La presunzione legale di inoperatività si fonda sulla massima di esperienza per la quale non vi è, di norma, effettività di impresa senza una continuità minima nei ricavi ed ha carattere relativo. 

In particolare, secondo il primo comma  dell'art. 30 della L. n. 724 del 1994, una società si considera non operativa se la somma di ricavi, incrementi di rimanenze  e altri proventi (esclusi quelli straordinari) imputati nel conto economico è inferiore a un ricavo presunto, calcolato, attraverso il c.d. test di operatività, applicando  determinati coefficienti percentuali al valore degli asset patrimoniali intestati alla società.

Tale presunzione può, tuttavia, essere vinta mediante la dimostrazione, il cui onere  grava sul contribuente, di situazioni oggettive ossia non dipendenti da una scelta consapevole dell'imprenditore che abbiano reso impossibile raggiungere il volume minimo di ricavi o di reddito determinato secondo i predetti parametri.

Infine, per quanto nella causa specificamente rileva, la disciplina non si applica nel caso previsto dall'art. 30, comma 1, lett. c) n. 6 sexies, della legge n. 724 del 1994, e cioè alle società che risultino congrue e coerenti ai fini degli studi di settore.

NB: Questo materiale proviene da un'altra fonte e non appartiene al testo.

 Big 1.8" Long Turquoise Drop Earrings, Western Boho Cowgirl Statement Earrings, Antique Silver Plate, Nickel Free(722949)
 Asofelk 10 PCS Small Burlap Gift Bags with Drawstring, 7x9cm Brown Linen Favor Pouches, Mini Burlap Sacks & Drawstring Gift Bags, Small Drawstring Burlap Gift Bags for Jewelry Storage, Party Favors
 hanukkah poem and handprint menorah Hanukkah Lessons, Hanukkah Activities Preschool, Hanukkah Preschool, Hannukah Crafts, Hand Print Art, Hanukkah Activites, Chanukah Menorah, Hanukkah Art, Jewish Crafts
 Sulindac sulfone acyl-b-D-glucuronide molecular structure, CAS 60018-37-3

La Corte ha chiarito che le spese incrementative di beni non di proprietà dell'impresa, che li utilizza in virtù di un contratto di locazione o di comodato, debbano essere iscritte tra le immobilizzazioni materiali solo ove al termine del periodo di locazione  o di comodato possano essere rimosse dall'utilizzatore ed avere un impiego a prescindere  dal bene a cui accedono; viceversa, qualora si tratti di opere non separabili dal bene altrui, devono essere iscritte tra le immobilizzazioni immateriali.

Si tratta di un principio logico che trova conferma nel principio contabile OIC 24, appendice A.22, il quale prevede che i costi sostenuti per migliorie e spese incrementative su beni non dell'impresa (anche in leasing) sono capitalizzabili ed iscrivibili tra le "altre" immobilizzazioni immateriali se le migliorie e le spese incrementative non sono separabili dai beni stessi (ossia non possono avere una loro autonoma funzionalità); altrimenti sono iscrivibili tra le "immobilizzazioni materiali" nella specifica voce  di appartenenza.

Secondo la Cassazione la CTR ha sbagliato nel ritenere che la dichiarazione di dette spese tra le immobilizzazioni materiali, ai fini dello studio di settore, fosse corretta, espressamente negando rilevanza al dato che l'immobile fosse di terzi e in ragione della mera durata del comodato, dando quindi rilievo ad elementi irrilevanti per una corretta contabilizzazione.